Records for the task:
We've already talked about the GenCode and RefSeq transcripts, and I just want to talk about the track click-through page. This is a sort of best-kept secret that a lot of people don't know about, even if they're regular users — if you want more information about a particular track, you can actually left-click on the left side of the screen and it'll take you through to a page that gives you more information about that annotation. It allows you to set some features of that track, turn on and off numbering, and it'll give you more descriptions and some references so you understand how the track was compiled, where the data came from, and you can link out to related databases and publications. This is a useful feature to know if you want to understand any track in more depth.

...

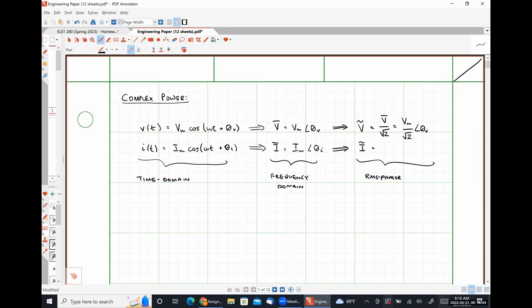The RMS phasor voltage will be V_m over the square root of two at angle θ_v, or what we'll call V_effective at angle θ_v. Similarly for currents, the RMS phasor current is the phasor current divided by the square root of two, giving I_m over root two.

* * *

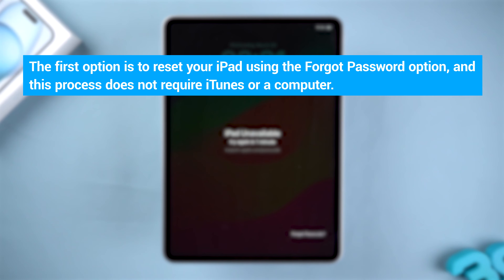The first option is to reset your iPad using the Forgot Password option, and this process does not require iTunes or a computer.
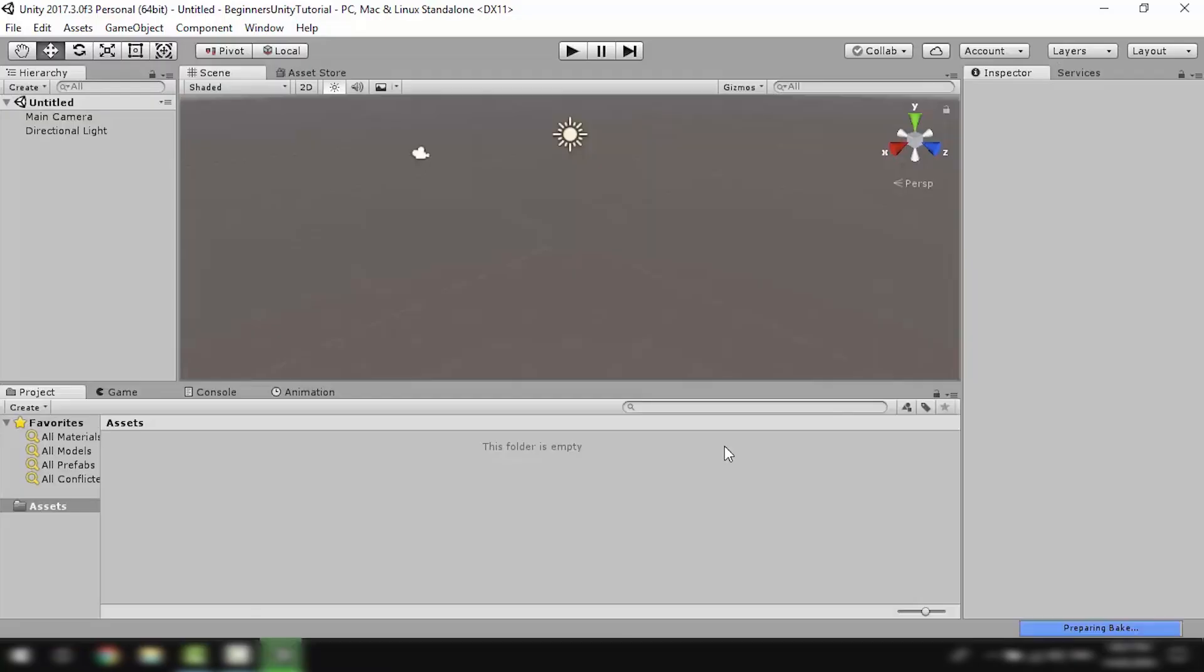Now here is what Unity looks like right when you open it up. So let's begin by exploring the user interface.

What the task asks:
In the data above, retype only the stretch from the line with "The first option" through the line with "Now here is", word for word, and skip any pictures.

Solution for this task:
The first option is to reset your iPad using the Forgot Password option, and this process does not require iTunes or a computer.
Now here is what Unity looks like right when you open it up. So let's begin by exploring the user interface.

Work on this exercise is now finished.